We are using it to allow -tip to build without a single warning in 
allyes/allno/allmod and randconfig kernels with -Werror, on 32-bit and 
64-bit x86. Hence we use it to filter out our own bogosities that come in 
via -tip maintained subsystems. (The fact that we need to look at _all_ 
warnings all across the kernel is a side effect.)

> There's a lot of resistance to fixing these things with 
> uninitialized_var() (usually bogus resistance, IMO, but one gets tired 
> of repeating oneself).

The networking tree picked up a whole bunch of them a few days ago. Most 
of the maintainers of actively maintained subsystems are reasonable about 
these things.

The only really contentious ones are the ones i kept separated out in 
tip/warnings/bug: they are the warnings that are triggered by 
!CONFIG_BUG.

> Many of these warnings can be fixed by restructuring the code, and 
> often the end result is better overall.
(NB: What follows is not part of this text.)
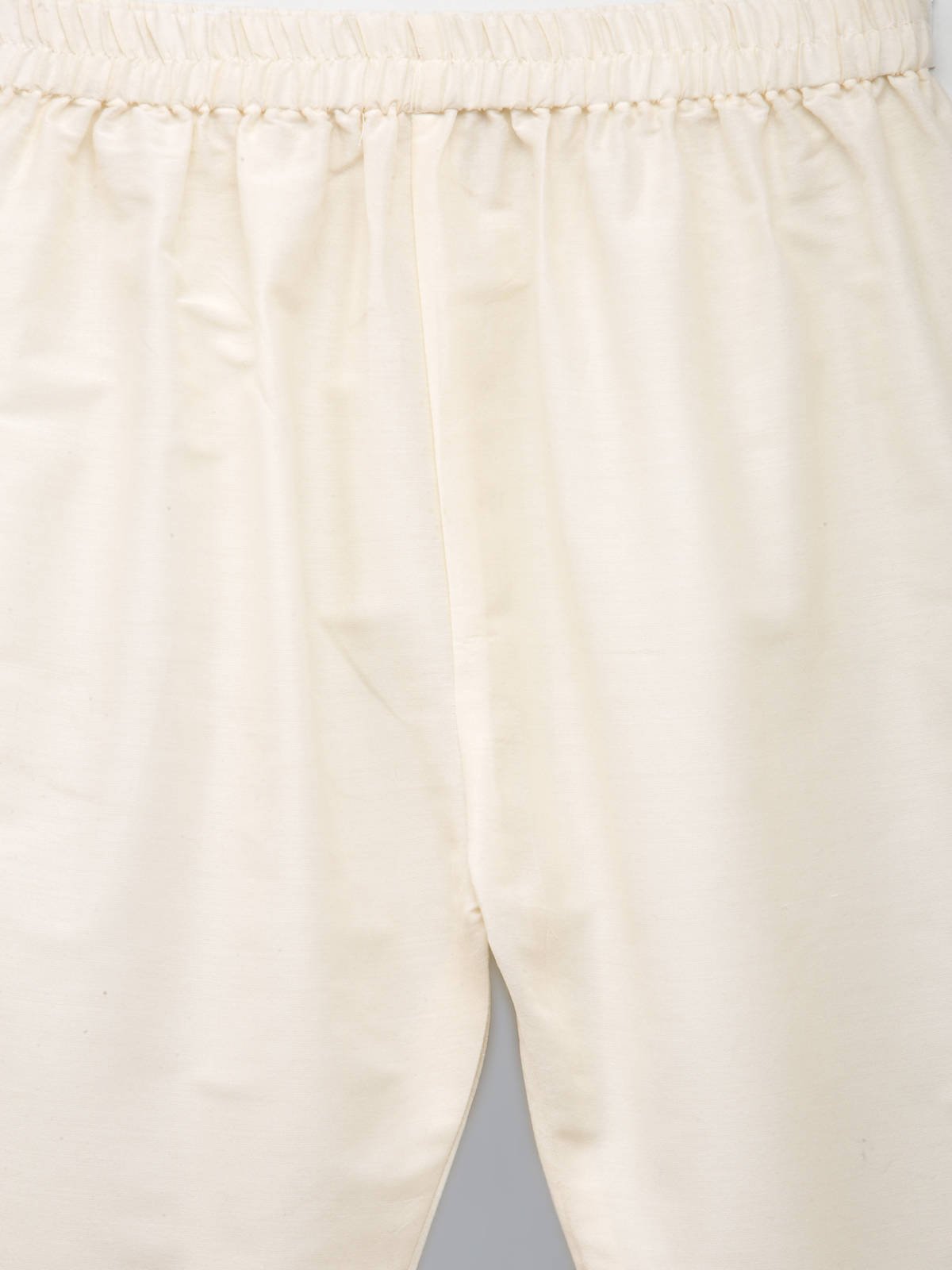 LIME YELLOW  KURTA WITH ATTACHED JACKET AND PYJAMA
i can give you the identity of more than 1 million separate lines of code 
in the kernel where we have tool output that somehow tells us: "this code 
sucks and could be improved by restructuring it".

So the cleanup effect is there, but by far not as important as the other, 
reverse effect: a baseline of ~200 warnings obscures _nasty_ bugs that 
the compiler does point out. So we need to reach a zero baseline - and 
all the _new_ warnings tend to be very interesting.

We saw that in the x86 tree which reached a zero baseline -Werror a few 
months ago: out of 10 warnings fixed after we reached the baseline 9 were 
real fixes, only one is a GCC annotation.

I.e. we have amassed 100+ sites in the kernel that needs annotations - 
then we could move to the next phase and reliably enforce a -Werror build 
by subsystems who care about that. I know you care about it in -mm.

> But it's a lot more work.  It would be much more scalable to, umm, 
> motivate the various code-owners to fix their stuff independently.  I 
> don't know how, really - people just don't seem to appreciate how 
> irritating and damaging that great warning spew is.
> 
> Is there any prospect that some of these things will be fixed by newer 
> gcc versions?  If so, we could just ignore those warnings and 
> concentrate on the ones which newer gcc emits.

Some go away with new GCC versions - that is why i'm always testing with 
the very latest GCC version.

Would you be interested in picking up the ones in tip/warnings/complex 
and tip/warnings/simple [but not tip/warnings/bug] into -mm? You could 
pick up auto-warning-next tree into -mm straight away - it's well-tested 
on x86, it is -git based and kept uptodate. Then you could do 
!CONFIG_ALLOW_WARNINGS builds yourself.